WHAT IS REQUIRED =>
Each record below should be given again exactly as it reads.

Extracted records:
▬▬▬▬▬▬▬▬▬▬
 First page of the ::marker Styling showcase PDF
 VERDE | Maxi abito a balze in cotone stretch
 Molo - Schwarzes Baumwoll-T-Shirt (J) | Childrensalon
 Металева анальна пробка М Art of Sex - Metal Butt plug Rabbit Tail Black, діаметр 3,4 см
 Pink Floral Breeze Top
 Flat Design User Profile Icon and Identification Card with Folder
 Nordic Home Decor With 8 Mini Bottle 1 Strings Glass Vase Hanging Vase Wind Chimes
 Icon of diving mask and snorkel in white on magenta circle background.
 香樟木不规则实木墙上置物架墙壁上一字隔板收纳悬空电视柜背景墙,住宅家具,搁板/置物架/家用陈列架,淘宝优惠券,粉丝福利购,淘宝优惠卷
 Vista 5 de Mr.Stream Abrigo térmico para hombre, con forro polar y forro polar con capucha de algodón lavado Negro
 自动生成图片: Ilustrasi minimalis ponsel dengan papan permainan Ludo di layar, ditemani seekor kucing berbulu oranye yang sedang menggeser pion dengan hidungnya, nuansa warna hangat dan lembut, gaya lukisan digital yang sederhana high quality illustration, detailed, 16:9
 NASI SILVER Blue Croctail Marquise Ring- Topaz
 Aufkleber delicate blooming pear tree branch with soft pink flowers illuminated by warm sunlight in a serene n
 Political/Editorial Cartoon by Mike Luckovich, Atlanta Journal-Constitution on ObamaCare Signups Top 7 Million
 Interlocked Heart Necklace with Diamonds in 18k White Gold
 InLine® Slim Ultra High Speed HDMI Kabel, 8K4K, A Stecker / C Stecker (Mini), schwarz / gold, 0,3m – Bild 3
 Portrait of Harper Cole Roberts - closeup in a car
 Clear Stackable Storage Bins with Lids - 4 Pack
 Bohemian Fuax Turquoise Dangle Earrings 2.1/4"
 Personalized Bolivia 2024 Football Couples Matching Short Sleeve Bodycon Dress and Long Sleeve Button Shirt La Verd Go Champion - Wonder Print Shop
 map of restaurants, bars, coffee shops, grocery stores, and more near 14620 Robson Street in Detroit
▬▬▬▬▬▬▬▬▬▬
TASK RESULT =>
 First page of the ::marker Styling showcase PDF
 VERDE | Maxi abito a balze in cotone stretch
 Molo - Schwarzes Baumwoll-T-Shirt (J) | Childrensalon
 Металева анальна пробка М Art of Sex - Metal Butt plug Rabbit Tail Black, діаметр 3,4 см
 Pink Floral Breeze Top
 Flat Design User Profile Icon and Identification Card with Folder
 Nordic Home Decor With 8 Mini Bottle 1 Strings Glass Vase Hanging Vase Wind Chimes
 Icon of diving mask and snorkel in white on magenta circle background.
 香樟木不规则实木墙上置物架墙壁上一字隔板收纳悬空电视柜背景墙,住宅家具,搁板/置物架/家用陈列架,淘宝优惠券,粉丝福利购,淘宝优惠卷
 Vista 5 de Mr.Stream Abrigo térmico para hombre, con forro polar y forro polar con capucha de algodón lavado Negro
 自动生成图片: Ilustrasi minimalis ponsel dengan papan permainan Ludo di layar, ditemani seekor kucing berbulu oranye yang sedang menggeser pion dengan hidungnya, nuansa warna hangat dan lembut, gaya lukisan digital yang sederhana high quality illustration, detailed, 16:9
 NASI SILVER Blue Croctail Marquise Ring- Topaz
 Aufkleber delicate blooming pear tree branch with soft pink flowers illuminated by warm sunlight in a serene n
 Political/Editorial Cartoon by Mike Luckovich, Atlanta Journal-Constitution on ObamaCare Signups Top 7 Million
 Interlocked Heart Necklace with Diamonds in 18k White Gold
 InLine® Slim Ultra High Speed HDMI Kabel, 8K4K, A Stecker / C Stecker (Mini), schwarz / gold, 0,3m – Bild 3
 Portrait of Harper Cole Roberts - closeup in a car
 Clear Stackable Storage Bins with Lids - 4 Pack
 Bohemian Fuax Turquoise Dangle Earrings 2.1/4"
 Personalized Bolivia 2024 Football Couples Matching Short Sleeve Bodycon Dress and Long Sleeve Button Shirt La Verd Go Champion - Wonder Print Shop
 map of restaurants, bars, coffee shops, grocery stores, and more near 14620 Robson Street in Detroit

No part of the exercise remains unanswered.